片や実務的な不動産デベロッパー、片や偏屈一歩手前の昆虫学・環境学の学者。
彼女らが売り物にしてるのは『委託型自然保護計画』だった。そのはずだったのだが。
小川さんの弱点がちょっと出てるはいるが長所も出てる小品。
彼の弱点は「邪悪」が描けないという点。残酷になれないという点では「天涯の砦」で失敗しているとおり。
基本的に人間が優しすぎるんだろう。
でも、おそらく同年代だろう女性作家の佐藤 亜紀があれだけ酷薄なことと比較しても、これはどういうことかと。
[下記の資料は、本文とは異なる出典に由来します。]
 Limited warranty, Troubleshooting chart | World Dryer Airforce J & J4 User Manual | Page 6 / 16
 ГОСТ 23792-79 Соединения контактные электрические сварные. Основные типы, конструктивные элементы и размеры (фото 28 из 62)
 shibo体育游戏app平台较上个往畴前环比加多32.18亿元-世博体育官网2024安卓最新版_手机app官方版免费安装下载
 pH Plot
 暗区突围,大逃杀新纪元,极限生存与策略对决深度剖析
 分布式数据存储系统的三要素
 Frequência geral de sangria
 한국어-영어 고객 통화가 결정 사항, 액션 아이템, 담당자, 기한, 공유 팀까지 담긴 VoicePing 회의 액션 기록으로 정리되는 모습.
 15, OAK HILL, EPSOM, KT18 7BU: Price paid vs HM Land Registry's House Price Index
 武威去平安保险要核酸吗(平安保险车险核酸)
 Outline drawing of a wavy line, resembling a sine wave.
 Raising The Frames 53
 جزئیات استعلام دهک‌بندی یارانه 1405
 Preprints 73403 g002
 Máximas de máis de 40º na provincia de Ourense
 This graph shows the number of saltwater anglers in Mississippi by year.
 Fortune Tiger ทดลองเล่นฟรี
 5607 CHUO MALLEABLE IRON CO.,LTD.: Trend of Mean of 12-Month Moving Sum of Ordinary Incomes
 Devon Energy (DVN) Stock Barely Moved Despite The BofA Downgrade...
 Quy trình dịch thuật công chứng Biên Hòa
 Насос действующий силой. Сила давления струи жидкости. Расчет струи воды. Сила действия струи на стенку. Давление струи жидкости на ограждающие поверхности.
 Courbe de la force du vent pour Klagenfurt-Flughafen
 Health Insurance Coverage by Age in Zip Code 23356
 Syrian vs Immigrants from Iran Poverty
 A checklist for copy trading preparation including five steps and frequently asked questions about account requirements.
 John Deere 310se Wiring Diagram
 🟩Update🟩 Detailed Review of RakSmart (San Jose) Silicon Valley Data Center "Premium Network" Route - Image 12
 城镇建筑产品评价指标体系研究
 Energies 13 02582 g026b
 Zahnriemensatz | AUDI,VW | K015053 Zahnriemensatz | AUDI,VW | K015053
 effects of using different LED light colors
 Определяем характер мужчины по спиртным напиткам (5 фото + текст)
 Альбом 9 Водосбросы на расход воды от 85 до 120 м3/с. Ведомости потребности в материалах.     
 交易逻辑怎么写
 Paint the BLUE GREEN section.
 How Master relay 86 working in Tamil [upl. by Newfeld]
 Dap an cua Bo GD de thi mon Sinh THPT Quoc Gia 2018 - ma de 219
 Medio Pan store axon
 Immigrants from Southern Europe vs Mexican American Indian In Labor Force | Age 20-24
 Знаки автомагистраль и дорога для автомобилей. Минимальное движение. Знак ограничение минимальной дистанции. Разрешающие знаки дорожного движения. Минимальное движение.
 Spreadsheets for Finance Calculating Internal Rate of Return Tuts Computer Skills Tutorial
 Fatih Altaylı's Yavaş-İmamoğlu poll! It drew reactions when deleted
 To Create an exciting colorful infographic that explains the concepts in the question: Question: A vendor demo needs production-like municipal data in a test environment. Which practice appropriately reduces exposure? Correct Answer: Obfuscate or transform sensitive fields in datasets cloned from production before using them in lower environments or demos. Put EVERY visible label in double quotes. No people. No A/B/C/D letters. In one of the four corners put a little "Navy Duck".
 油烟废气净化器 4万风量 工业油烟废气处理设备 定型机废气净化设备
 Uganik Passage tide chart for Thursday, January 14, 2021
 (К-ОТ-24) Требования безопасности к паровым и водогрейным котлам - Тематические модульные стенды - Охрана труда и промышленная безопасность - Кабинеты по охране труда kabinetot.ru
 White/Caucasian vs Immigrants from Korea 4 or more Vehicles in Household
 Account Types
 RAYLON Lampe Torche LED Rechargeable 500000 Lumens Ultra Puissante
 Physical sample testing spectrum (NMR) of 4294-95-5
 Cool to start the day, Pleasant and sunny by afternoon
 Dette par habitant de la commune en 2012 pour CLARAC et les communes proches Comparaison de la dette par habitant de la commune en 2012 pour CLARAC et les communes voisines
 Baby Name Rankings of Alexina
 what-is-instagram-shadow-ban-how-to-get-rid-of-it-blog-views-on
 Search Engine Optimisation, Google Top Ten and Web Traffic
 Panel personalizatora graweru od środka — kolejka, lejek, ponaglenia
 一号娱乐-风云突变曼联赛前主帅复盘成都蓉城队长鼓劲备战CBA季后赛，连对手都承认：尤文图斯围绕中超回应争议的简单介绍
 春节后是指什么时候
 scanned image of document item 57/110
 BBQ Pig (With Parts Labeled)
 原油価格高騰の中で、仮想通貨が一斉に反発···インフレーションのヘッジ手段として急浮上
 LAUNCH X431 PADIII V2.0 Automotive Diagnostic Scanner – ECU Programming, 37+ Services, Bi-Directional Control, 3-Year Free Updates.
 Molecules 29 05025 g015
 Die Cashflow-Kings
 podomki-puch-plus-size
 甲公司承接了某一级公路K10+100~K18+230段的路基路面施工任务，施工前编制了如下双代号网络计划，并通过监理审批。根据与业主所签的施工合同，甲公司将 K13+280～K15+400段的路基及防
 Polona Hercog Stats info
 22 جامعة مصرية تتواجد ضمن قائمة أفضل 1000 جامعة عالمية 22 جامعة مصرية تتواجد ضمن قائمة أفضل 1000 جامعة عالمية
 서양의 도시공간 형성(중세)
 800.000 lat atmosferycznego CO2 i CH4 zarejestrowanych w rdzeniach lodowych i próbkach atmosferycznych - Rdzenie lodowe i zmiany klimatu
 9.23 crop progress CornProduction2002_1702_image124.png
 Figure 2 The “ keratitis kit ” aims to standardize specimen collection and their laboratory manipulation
でもでも、場面転換と物語のスムーズさ、つまり沖方あたりがよくやる「小難しさ」というか
フレデリックポールあたりが新人作家に指摘したという、「屁理屈はわかった、わかったから物語を進めてくれ」という
SF作家独特のクドさを消化してるあたりは小川氏の面目躍如というところだ。
・セハット・デイケア保育日誌
ある日、日本から出稼ぎ(笑)に出た保育士 阪奈 麻子が出会ったのはちょっと不思議な「星の王子さま」だ。
いっちゃん好きな作品。ヒロインがあずまんが大王の大阪っぽいのが素敵すぎる。
自分の家の裏にも保育園あって、聞き耳立てただけでも実際の保育士ってかなりの激務ちゃうんかな?って感じるんだが。
一つ一つのエピソードの発想、組み立て、さらに出てくるキャラクターの活かせ方などなど、実はかなり高難度で本作品群でもトップの物語だ。
他の物語との関連性をまったく無視したエピソードという点でもかなり高得点かと。